Source data:
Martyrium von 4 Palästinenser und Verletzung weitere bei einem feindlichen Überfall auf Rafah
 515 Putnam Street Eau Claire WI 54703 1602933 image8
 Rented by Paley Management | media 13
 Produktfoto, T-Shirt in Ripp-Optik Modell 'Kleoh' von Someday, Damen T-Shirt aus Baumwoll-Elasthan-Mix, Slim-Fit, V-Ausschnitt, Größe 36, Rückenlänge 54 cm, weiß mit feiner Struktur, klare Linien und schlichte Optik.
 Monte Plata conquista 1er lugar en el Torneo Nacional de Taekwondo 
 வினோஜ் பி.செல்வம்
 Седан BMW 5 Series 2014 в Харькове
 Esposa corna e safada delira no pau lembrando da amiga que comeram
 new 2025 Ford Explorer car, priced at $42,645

Exercise instructions:
Please copy out the preceding data in full, exactly as written.

Answer box:
Martyrium von 4 Palästinenser und Verletzung weitere bei einem feindlichen Überfall auf Rafah
 515 Putnam Street Eau Claire WI 54703 1602933 image8
 Rented by Paley Management | media 13
 Produktfoto, T-Shirt in Ripp-Optik Modell 'Kleoh' von Someday, Damen T-Shirt aus Baumwoll-Elasthan-Mix, Slim-Fit, V-Ausschnitt, Größe 36, Rückenlänge 54 cm, weiß mit feiner Struktur, klare Linien und schlichte Optik.
 Monte Plata conquista 1er lugar en el Torneo Nacional de Taekwondo 
 வினோஜ் பி.செல்வம்
 Седан BMW 5 Series 2014 в Харькове
 Esposa corna e safada delira no pau lembrando da amiga que comeram
 new 2025 Ford Explorer car, priced at $42,645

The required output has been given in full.